##### DATA SUPPLIED

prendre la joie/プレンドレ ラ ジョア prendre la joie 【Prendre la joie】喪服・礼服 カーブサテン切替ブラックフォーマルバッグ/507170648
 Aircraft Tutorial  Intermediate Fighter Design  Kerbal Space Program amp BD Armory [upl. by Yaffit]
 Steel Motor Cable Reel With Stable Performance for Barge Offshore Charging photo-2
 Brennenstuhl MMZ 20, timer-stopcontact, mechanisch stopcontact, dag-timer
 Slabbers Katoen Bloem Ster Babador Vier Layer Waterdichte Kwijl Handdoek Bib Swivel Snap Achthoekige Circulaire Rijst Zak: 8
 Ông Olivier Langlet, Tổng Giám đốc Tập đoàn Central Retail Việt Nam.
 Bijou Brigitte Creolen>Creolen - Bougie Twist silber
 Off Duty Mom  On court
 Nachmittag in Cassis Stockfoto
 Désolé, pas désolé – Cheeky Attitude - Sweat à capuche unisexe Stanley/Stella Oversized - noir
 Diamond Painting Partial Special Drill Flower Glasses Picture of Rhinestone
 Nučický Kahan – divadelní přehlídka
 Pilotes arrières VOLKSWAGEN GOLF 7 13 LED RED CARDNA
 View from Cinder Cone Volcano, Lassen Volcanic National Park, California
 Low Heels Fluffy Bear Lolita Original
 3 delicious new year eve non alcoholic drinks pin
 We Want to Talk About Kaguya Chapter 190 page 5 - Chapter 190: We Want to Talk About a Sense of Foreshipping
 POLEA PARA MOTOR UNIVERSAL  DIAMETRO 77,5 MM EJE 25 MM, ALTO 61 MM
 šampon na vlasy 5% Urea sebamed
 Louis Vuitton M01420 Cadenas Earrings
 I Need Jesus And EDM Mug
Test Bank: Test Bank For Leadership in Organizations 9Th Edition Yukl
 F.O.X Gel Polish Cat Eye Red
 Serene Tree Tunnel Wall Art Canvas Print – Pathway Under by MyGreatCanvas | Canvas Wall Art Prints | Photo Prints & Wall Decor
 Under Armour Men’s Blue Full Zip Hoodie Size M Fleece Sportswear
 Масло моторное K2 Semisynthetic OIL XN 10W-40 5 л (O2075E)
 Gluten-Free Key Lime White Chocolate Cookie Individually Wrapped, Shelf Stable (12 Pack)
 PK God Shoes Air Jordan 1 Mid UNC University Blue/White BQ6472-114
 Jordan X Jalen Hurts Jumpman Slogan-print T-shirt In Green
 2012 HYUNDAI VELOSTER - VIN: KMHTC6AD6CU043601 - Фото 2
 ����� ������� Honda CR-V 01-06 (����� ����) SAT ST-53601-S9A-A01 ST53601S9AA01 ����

##########

How many lines in the records above hold the string "Jordan"? Only the number is wanted.

2